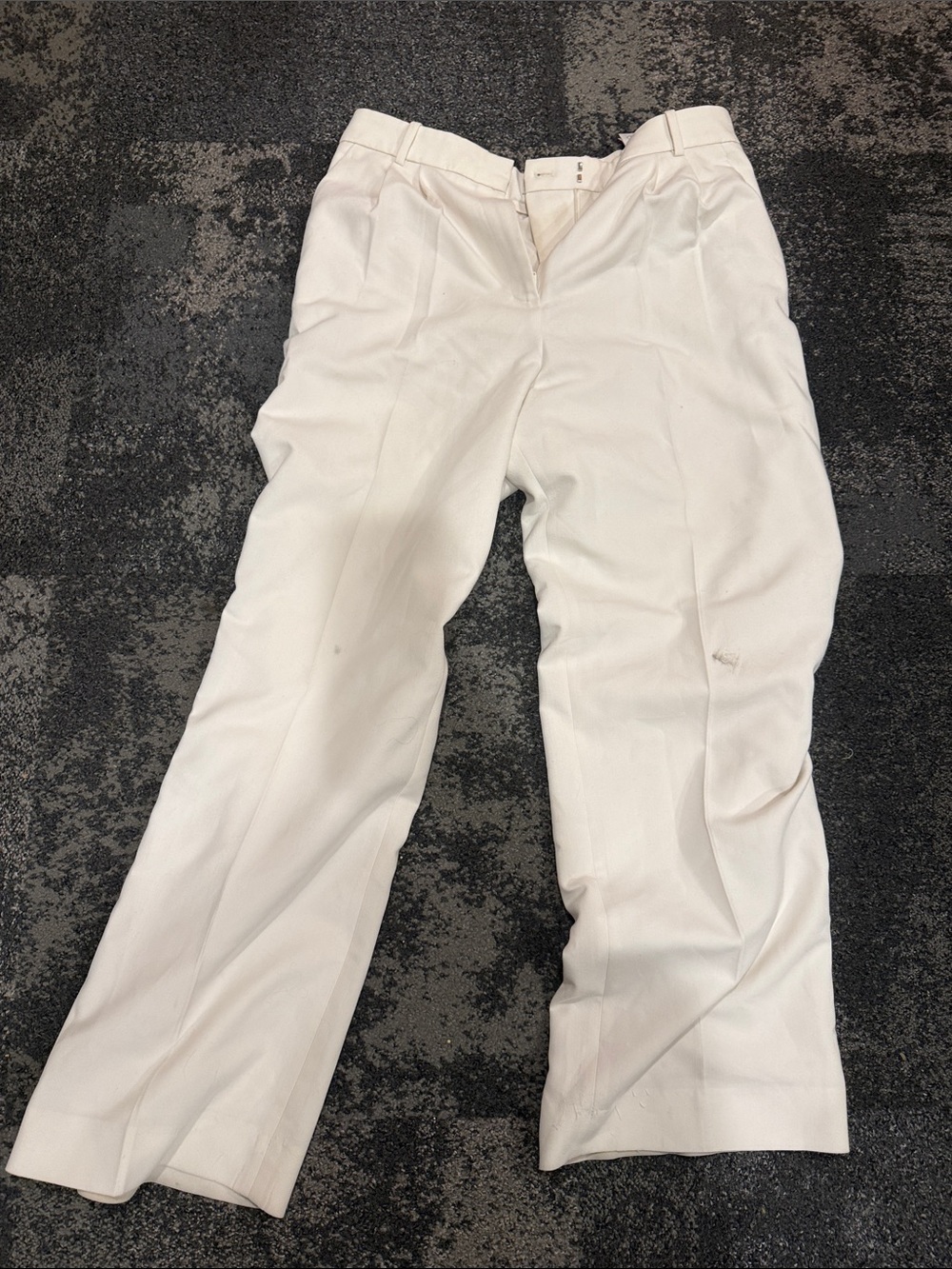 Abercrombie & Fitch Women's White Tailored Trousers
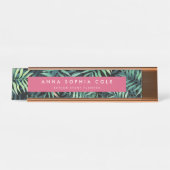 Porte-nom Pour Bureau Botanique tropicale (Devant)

···

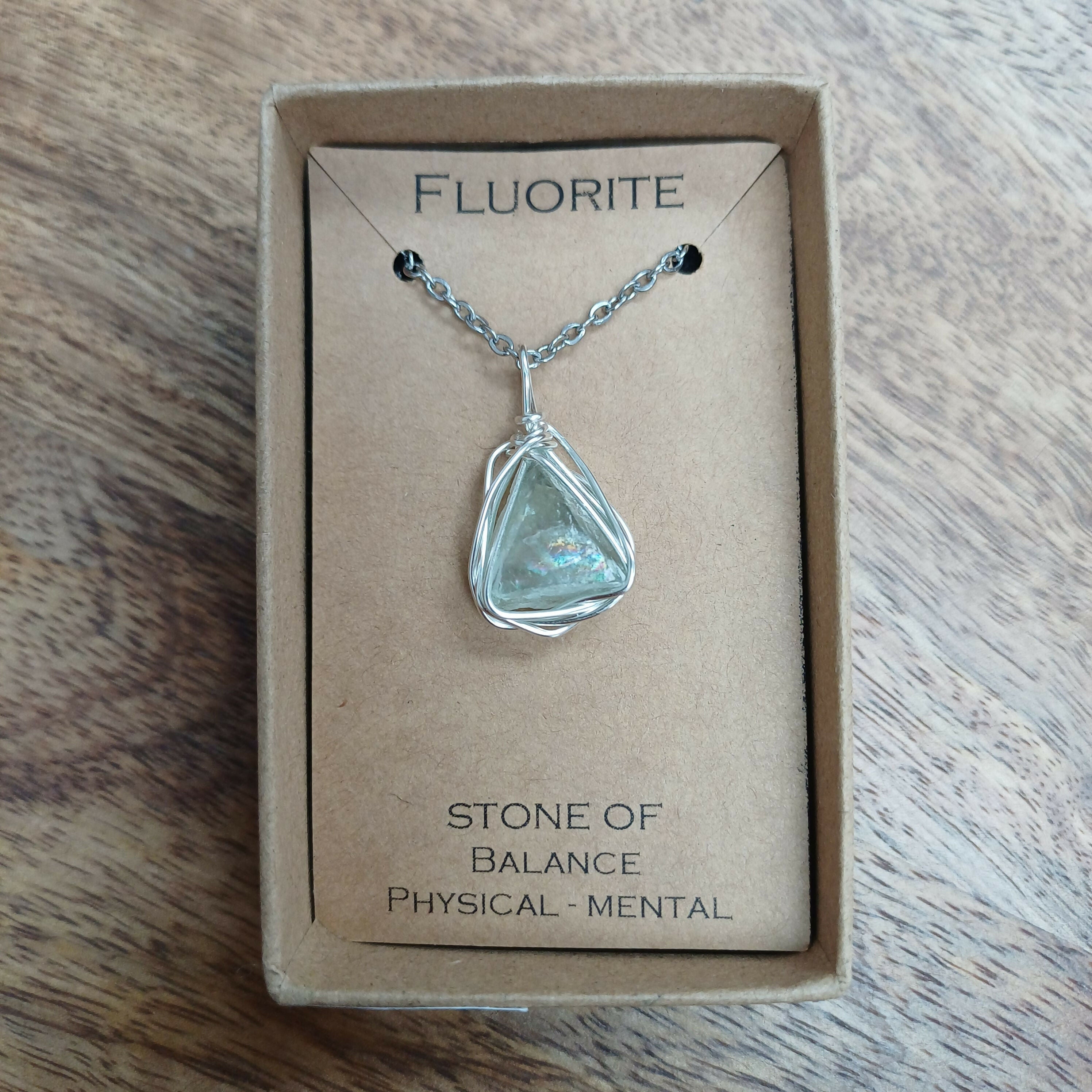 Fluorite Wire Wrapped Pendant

···

Look above for the line with "Abercrombie & Fitch" and the line with "Porte-nom Pour Bureau", then restate exactly those two lines and all lines between them, with no pictures.

§ **ANSWER BOX**:
 Abercrombie & Fitch Women's White Tailored Trousers
 Porte-nom Pour Bureau Botanique tropicale (Devant)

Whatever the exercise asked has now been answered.